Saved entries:
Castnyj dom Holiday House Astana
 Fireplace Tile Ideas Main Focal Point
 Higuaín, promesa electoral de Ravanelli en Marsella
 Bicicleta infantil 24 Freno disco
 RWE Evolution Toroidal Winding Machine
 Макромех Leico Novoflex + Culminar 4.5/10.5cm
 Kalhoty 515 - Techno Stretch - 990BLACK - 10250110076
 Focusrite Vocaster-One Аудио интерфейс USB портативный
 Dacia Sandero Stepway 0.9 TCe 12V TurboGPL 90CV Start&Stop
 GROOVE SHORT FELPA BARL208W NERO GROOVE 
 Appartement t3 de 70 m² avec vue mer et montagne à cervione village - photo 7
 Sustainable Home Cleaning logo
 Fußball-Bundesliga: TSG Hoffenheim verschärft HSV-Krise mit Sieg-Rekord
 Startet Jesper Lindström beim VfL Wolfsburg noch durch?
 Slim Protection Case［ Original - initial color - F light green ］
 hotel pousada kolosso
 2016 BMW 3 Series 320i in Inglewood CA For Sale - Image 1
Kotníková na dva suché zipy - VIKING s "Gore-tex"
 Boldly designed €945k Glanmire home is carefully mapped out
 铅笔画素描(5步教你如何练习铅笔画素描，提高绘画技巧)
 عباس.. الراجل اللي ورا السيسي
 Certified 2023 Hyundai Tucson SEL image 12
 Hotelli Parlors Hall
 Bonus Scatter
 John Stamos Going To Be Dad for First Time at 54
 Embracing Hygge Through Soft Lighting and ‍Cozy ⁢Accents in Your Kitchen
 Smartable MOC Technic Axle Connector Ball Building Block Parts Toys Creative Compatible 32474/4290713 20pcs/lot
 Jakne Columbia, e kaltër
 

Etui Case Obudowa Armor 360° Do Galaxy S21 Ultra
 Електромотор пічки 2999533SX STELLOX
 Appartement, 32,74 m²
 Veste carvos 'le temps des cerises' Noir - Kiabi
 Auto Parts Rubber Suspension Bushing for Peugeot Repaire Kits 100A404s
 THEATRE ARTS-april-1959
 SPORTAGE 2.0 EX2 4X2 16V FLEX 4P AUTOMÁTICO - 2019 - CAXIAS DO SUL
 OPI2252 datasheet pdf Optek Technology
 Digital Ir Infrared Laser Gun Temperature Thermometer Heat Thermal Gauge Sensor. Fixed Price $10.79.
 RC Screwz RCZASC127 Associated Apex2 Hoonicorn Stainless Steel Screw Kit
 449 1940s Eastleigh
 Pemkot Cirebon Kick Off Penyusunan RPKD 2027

**Problem requirements:**
Check the entries above for the word "Case" and copy every line where it turns up.

**Worked solution:**
 Slim Protection Case［ Original - initial color - F light green ］
Etui Case Obudowa Armor 360° Do Galaxy S21 Ultra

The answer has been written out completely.